Teach your dog not to pull while you are both standing still. Hold the leash firmly with both hands and refuse to budge until your dog slackens the leash. Not a single step! It doesn't matter how long it takes. Just hold on tight and ignore every leash-lunge. Eventually your dog will stop pulling and sit. As soon as he sits, say "Good dog," offer a food treat, and then take just one large step forward and stand still again. Hold on tight; your dog will likely explode to the end of the leash, thereby illustrating the reinforcing nature of allowing your dog to pull for just a single step.

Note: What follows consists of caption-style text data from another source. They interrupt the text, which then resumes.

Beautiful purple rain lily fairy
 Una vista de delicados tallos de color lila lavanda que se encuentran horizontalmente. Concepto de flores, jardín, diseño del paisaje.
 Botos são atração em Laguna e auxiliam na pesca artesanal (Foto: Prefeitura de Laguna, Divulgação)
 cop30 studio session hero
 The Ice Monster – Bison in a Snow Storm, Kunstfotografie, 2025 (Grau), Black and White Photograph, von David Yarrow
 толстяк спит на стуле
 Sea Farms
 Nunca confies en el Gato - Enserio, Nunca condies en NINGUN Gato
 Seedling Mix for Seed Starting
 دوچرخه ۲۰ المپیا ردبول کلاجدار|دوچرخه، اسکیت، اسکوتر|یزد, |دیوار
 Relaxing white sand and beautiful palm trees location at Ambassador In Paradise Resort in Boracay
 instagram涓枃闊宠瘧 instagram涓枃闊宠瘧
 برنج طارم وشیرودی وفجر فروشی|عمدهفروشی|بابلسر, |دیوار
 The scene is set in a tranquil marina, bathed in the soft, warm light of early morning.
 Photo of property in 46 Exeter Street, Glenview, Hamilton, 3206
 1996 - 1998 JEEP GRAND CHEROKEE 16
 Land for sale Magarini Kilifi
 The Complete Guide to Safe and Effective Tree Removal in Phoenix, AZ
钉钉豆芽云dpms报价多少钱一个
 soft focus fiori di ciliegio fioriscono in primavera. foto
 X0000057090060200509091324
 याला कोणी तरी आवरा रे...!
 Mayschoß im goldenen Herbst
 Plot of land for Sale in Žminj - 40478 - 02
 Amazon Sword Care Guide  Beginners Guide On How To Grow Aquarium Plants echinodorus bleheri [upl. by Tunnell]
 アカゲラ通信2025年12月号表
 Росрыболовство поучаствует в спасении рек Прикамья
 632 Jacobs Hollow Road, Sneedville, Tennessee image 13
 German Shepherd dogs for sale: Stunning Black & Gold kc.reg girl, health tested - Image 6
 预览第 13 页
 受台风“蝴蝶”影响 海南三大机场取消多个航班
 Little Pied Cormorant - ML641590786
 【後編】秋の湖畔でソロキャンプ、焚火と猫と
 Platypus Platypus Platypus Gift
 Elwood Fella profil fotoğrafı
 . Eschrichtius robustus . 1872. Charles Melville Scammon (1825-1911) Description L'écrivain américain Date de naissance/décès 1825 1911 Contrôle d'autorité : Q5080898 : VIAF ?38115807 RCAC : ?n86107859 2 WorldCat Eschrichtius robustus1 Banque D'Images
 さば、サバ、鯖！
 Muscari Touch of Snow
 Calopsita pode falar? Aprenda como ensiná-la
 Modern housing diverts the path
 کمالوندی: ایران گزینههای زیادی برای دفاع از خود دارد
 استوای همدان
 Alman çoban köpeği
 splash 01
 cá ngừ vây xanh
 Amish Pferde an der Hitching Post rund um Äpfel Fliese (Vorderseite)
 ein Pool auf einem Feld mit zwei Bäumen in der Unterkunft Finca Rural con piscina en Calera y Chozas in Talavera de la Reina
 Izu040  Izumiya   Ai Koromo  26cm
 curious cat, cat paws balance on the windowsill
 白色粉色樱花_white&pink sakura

Wait for your dog to stop pulling again (it will not take as long this time). Repeat this sequence until your dog walks calmly forward (because he knows you are only going one step) and sits quickly when you stop and stand still. Your dog quickly learns he has the power to make you stop and to make you go. If he tightens the leash, you stop. But if he slackens the leash and sits, you take a step. After a series of single steps and standstills without pulling, try taking two steps at a time. Then go for three steps, then five, eight, twelve, and so on. Now you will find your dog will walk attentively on a loose leash and sit automatically whenever you stop. And the only words you have said are "Good dog." Alternate heeling and walking on-leash. For most of the walk, let your dog range and sniff on a loose leash, but every 25 yards or so, have your dog sit, heel, and sit, and then walk on again. Always sit-heel-sit your dog when crossing a street: sit before crossing, heeling across, and then sitting on the other side of the street.